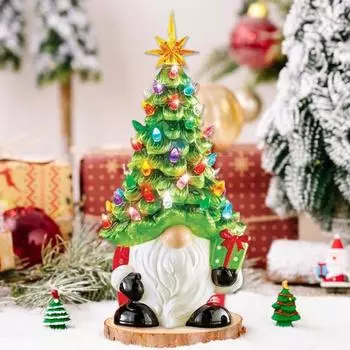 Yousheng Рождественская статуэтка гнома из смолы с рождественской елочной шапкой для дома и улицы Рождественский декор интерьера для детей и женщин A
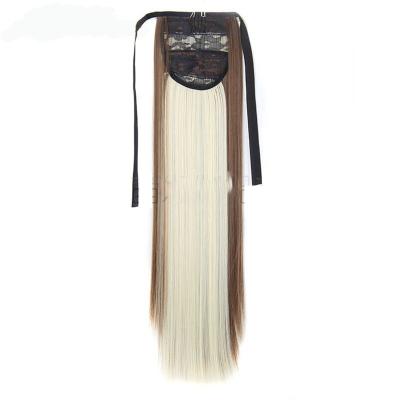 China European and American cabello silky straight wave wig peluca color ponytail straight hair rope tie piece extension hair wig foreign trade wig for sale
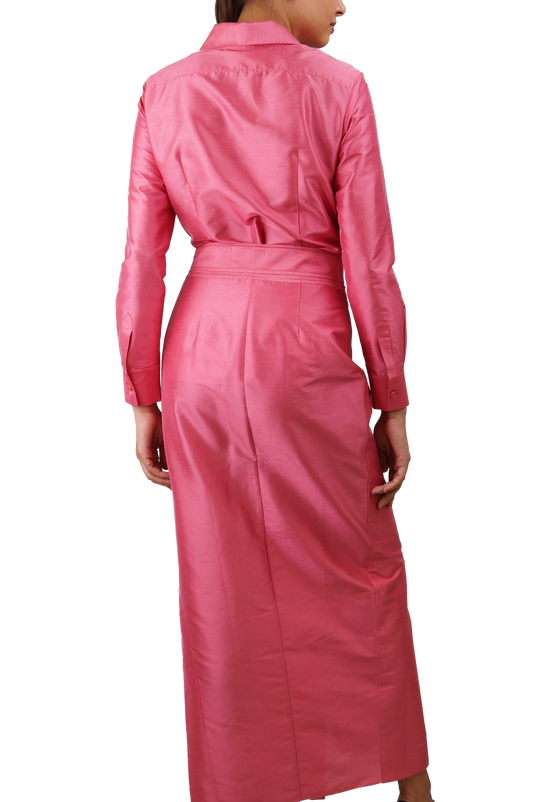 CHRISTIAN DIOR SET PINK SKIRT & SHIRT ROSE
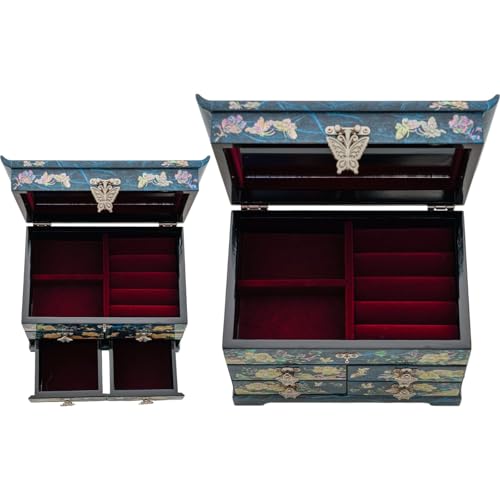 February Mountain Mother of Pearl Wooden Jewelry Organizer Box – Jewelry Storage Box for Women, Features Spacious Drawers, Ideal for Rings, Bracelets, Watches, Chains, Accessories (Peony_Blue) - Image 4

-*-*-

Quote exactly the lines from the line that contains "China European and" through the last line of the listing, please, leaving out all pictures.

 China European and American cabello silky straight wave wig peluca color ponytail straight hair rope tie piece extension hair wig foreign trade wig for sale
 CHRISTIAN DIOR SET PINK SKIRT & SHIRT ROSE
 February Mountain Mother of Pearl Wooden Jewelry Organizer Box – Jewelry Storage Box for Women, Features Spacious Drawers, Ideal for Rings, Bracelets, Watches, Chains, Accessories (Peony_Blue) - Image 4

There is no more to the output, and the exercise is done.